When the sisters opened their school at Georgetown, the joy of the Catholics of the neighborhood knew no bounds, and as an evidence of their appreciation they coöperated whole-heartedly with the sisters in the venture. The little group of religious was increased from three to five. They kept as much as possible within their own premises so that enclosure could be observed, at least in part. But they had to do their own marketing; it was necessary for them to go out to church; and it was one of their duties to accompany their pupils in daily walks in the surrounding woods. It was a simple beginning, indeed, but one that presaged well for the things that were to follow.
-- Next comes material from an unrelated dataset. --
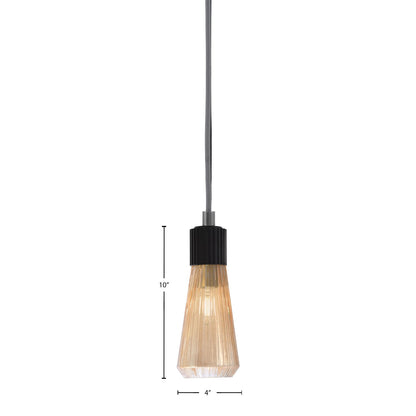Toltec Everleigh 4in 1-Light Mini Pendant | Industrial Matte Black Steel and Amber Ribbed Glass | Kitchen Island & Dining Room | 4 x 10 in | Model 4802-MB-883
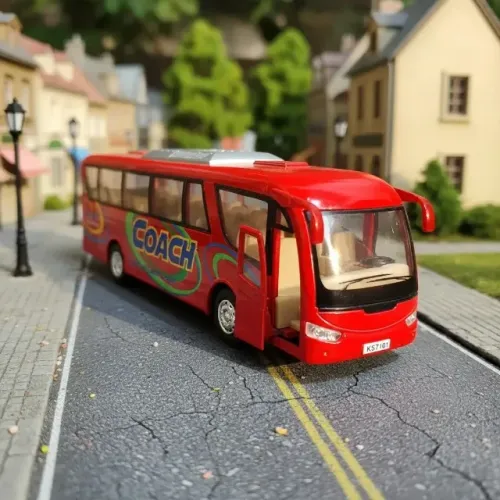 Ônibus Kinsfun Coach Vermelho Miniatura Metal Colecionável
But unless the grain of wheat falling to the ground die, itself remaineth alone. The grain of wheat here planted was not destined to remain alone. Death came and claimed its first victim, in the person of one whom they could ill afford to lose. After a painful illness, Mrs. Sharpe, known in religion as Sister Ignatia, their principal teacher and first directress of the academy, died July 31, 1802. “She was the soul and head of the little academy,” said the community annalist. “It prospered as long as she was able to conduct it.” Having no grounds of their own, the sisters

reluctantly laid her to rest in the public cemetery of Trinity Church, Georgetown, D. C. Her passing caused great distress in her religious family, but no one felt the loss more keenly than did Alice Lalor, now known as Mother Teresa. But none was more resigned.
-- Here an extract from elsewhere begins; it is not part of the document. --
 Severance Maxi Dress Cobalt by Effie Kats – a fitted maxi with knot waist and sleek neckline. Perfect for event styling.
The ranks were soon increased, however, by the advent of Miss Henrietta Brent, a grandniece of Bishop Neale. New members were not slow in following, and the best families in the country became represented in the community. Comfortable homes and devoted relatives were relinquished willingly for a life of want and abnegation. Those were days, indeed, when virtue ran high and love waxed warm. The cold without was more than counteracted by the love within. When Lady Poverty would allow only a few sticks of wood for light and heat, the long, dreary winter evenings were brightened by the wit and humor of Mother Teresa. Her naturally cheerful disposition never failed her; often a pleasant story from her relieved a painful situation.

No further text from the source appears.